### [EXERCISE PROMPT]
Write out only the lines from the line containing "What's happening everybody, it's" to the end of the listing below, both included, exactly as they stand. Drop the pictures.

### [GIVEN INFORMATION]
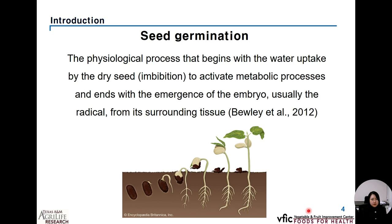Seed germination is defined as the physiological process that begins with the water uptake by the dried seed, which is also called imbibition, to active metabolic processes, and ends with the emergence of the radical from its surrounding tissues.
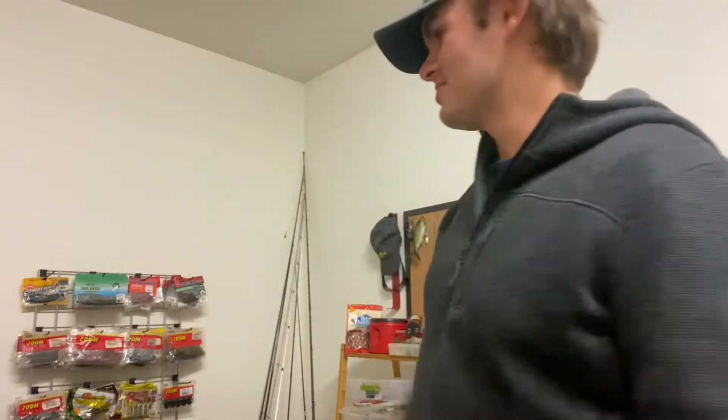What's happening everybody, it's Peter here and I'm hanging out in the garage again tonight working on the boat, working on the tackle, nothing new really. I was going through some gear - I'm building this kind of soft plastic wall that you see behind me.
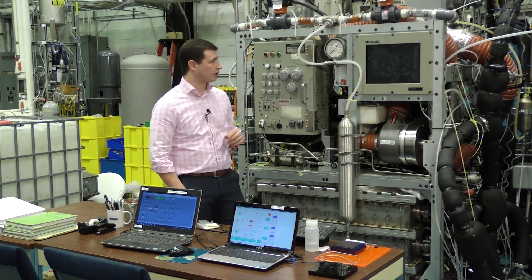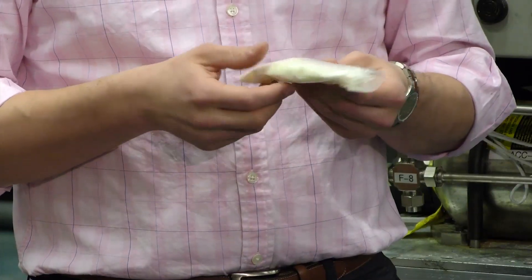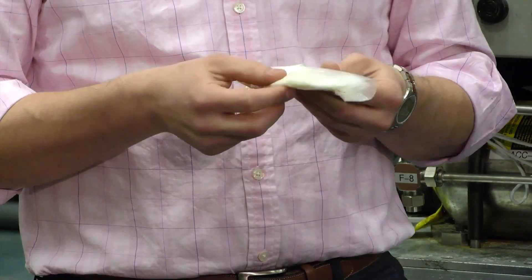This is the ACRU — it's the primary and only CO2 removal system on a submarine. It replaces our old 1950s-era technology, so we've really modernized and automated it. It actually uses a nano-material called SAMS, which is highly porous and has a very high surface area.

### [RESPONSE TO THIS EXERCISE]
What's happening everybody, it's Peter here and I'm hanging out in the garage again tonight working on the boat, working on the tackle, nothing new really. I was going through some gear - I'm building this kind of soft plastic wall that you see behind me.
This is the ACRU — it's the primary and only CO2 removal system on a submarine. It replaces our old 1950s-era technology, so we've really modernized and automated it. It actually uses a nano-material called SAMS, which is highly porous and has a very high surface area.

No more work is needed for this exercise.